1. Introduction
Resveratrol is a stilbene-based, polyphenolic compound occurring naturally in nuts, berries, and the skin of grapes, and is present in many food items, particularly red wine [
1]. In recent years, the clinical effects of resveratrol have been studied intensively owing to a plethora of promising effects in cells and animals; among these are improvement in terms of the various consequences of obesity, e.g., impaired insulin sensitivity and low-grade inflammation [
2,
3,
4]. A landmark study demonstrated a shortened life span in diet-induced obese mice and a resveratrol-mediated improvement in longevity despite obesity [
5]. Owing to its purported salutary effects, resveratrol is already being sold as an over-the-counter dietary supplement. Unfortunately, translating the effects of resveratrol to a human setting has proven difficult. Some clinical studies have confirmed the pre-clinical results of resveratrol-mediated improved insulin sensitivity, diminished low-grade inflammation, reduced blood pressure, and reduced amounts of liver fat accumulation [
6,
7]. In contrast, other studies fail to detect any positive physiological effects [
8,
9]. These conflicting results may in part be attributable to differences in study designs, populations, and resveratrol formulations. Some studies have been performed in healthy individuals, and the ability of resveratrol to improve glucose handling in situations with normal glucose homoeostasis has been questioned [
8]. In contrast, it is feasible that the effect of a food ingredient is too weak to demonstrate any measurable consequences in full-blown type 2 diabetes. Thus, subjects suffering from modest degrees of insulin resistance are most likely optimal for the purpose of investigating the possible effects of resveratrol on insulin sensitivity, and probably most comparable to the original mice studies using diet-induced obese mice. Study length may also be of importance. Most studies include intervention periods of only a few weeks [
6,
9]. Obviously, longer studies provide a better determination of the possible effects of resveratrol on chronic conditions such as insulin resistance and low-grade inflammation. Finally, the methods currently used in most studies on resveratrol are targeted towards whole-body effects. Insulin sensitivity, for instance, has been assessed via measurements of specific targets such as plasma insulin, glucose, and HbA1c [
6,
8,
9]. These techniques have their strengths, such as being very specific and applicable in daily clinics; however, the drawback is that findings will be limited to the pre-specified objectives. Likewise, when confining assessment to plasma samples, intracellular effects may be missed.
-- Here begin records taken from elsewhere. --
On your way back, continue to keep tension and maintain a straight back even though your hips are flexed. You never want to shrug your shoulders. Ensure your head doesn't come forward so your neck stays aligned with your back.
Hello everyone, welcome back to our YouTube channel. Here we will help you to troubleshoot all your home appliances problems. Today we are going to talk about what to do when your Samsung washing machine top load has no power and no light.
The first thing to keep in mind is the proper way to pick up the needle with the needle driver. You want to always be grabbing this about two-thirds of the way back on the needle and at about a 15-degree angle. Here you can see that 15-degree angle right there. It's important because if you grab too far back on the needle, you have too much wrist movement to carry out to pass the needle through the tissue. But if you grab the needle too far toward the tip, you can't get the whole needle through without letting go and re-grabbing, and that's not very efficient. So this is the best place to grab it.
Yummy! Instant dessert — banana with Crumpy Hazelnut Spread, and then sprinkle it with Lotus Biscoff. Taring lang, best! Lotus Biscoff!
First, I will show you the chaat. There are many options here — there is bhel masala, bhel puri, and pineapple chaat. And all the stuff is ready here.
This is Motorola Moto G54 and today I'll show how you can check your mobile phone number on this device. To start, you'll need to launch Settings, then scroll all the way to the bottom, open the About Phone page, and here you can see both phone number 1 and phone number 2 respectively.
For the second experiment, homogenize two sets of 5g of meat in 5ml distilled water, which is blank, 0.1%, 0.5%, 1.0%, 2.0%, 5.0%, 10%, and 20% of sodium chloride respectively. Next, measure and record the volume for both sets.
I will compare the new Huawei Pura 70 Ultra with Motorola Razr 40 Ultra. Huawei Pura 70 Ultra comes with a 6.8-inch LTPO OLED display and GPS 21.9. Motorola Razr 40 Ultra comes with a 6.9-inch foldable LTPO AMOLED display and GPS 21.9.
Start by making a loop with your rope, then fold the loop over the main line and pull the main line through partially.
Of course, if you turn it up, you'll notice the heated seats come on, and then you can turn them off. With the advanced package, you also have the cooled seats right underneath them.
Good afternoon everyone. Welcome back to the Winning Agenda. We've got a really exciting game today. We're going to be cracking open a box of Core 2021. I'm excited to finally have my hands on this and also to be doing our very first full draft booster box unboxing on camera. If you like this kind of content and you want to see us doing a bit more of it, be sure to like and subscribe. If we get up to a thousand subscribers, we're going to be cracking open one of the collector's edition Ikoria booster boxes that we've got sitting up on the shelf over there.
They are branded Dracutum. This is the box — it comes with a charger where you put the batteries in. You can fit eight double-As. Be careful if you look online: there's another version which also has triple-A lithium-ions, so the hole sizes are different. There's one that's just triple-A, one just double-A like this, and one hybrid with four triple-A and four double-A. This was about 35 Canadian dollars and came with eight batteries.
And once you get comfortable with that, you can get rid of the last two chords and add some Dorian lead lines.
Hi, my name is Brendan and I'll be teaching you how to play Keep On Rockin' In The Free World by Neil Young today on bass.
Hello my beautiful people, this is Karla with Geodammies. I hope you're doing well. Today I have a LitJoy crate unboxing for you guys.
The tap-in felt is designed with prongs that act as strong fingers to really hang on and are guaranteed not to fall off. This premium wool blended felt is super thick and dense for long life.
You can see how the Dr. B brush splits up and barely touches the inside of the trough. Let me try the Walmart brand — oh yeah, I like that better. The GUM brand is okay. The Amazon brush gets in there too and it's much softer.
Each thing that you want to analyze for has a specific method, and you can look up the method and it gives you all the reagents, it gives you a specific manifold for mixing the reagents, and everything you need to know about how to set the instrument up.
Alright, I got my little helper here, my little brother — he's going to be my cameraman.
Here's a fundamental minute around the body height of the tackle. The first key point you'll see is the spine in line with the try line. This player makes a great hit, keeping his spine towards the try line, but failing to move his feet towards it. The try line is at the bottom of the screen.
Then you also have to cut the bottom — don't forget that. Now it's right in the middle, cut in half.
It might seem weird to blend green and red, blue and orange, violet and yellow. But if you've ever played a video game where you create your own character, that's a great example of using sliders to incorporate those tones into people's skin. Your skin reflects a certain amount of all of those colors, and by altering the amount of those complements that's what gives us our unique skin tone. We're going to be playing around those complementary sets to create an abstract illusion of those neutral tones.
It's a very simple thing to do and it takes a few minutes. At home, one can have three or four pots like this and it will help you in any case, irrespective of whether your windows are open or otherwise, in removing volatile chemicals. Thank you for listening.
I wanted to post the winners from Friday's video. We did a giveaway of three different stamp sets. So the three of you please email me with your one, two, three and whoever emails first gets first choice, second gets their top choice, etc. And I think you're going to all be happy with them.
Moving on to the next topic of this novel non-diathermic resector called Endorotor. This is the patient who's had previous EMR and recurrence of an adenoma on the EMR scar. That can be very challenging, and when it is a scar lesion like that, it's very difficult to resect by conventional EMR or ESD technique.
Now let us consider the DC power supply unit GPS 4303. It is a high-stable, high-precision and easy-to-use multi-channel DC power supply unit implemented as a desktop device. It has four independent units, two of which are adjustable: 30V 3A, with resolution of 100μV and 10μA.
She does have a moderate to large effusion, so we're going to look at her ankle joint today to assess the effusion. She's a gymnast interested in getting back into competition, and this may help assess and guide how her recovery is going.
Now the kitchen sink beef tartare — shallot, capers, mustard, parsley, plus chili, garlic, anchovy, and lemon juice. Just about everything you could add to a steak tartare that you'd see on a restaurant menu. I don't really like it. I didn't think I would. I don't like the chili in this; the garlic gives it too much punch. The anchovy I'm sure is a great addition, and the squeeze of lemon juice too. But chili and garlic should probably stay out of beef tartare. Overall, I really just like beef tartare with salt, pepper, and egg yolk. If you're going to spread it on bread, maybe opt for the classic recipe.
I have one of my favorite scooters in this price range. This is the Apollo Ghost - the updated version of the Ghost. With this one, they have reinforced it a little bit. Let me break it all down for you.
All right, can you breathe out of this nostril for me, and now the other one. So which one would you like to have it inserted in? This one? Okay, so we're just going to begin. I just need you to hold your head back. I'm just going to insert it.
Recently, the so-called metabolomics approach has been developed. Metabolomic analysis profiles small-molecule metabolites using either a targeted or non-targeted approach [
10]. Through systematic identification and quantification of metabolites in biological systems, e.g. tissues, organs, or fluids at a certain time point, metabolomics directly sample metabolic modulations. Targeted metabolomics allows for very precise measurement of a specific target or an isolated group of related metabolites, whereas non-targeted metabolomics assesses as wide a range of different metabolites as possible. This technique provides a simultaneous screening of multiple metabolic pathways and captures an instantaneous integrated snapshot of the entire physiology of an organism. Metabolomics has the advantage over other “omics” that it integrates changes in gene expression, protein levels, enzymatic activity, and post-translational changes. Previously, metabolomics made it possible to determine changes in the human plasma metabolome caused by various conditions and diseases like sleep restriction [
11,
12], diabetes [
13], and bariatric surgery [
14].
Studies have demonstrated a weak correlation between plasma and muscle metabolite levels, indicating that plasma measurements are poor indicators of skeletal muscle metabolism [
15]. Consequently, metabolomic analysis requires tissue biopsies to allow a detailed examination of changes in the intracellular pathways within this specific tissue. Such metabolic profiling offers the possibility to identify biochemical signatures of cellular metabolism involved in different pathways like glucose, lipid, and protein handling.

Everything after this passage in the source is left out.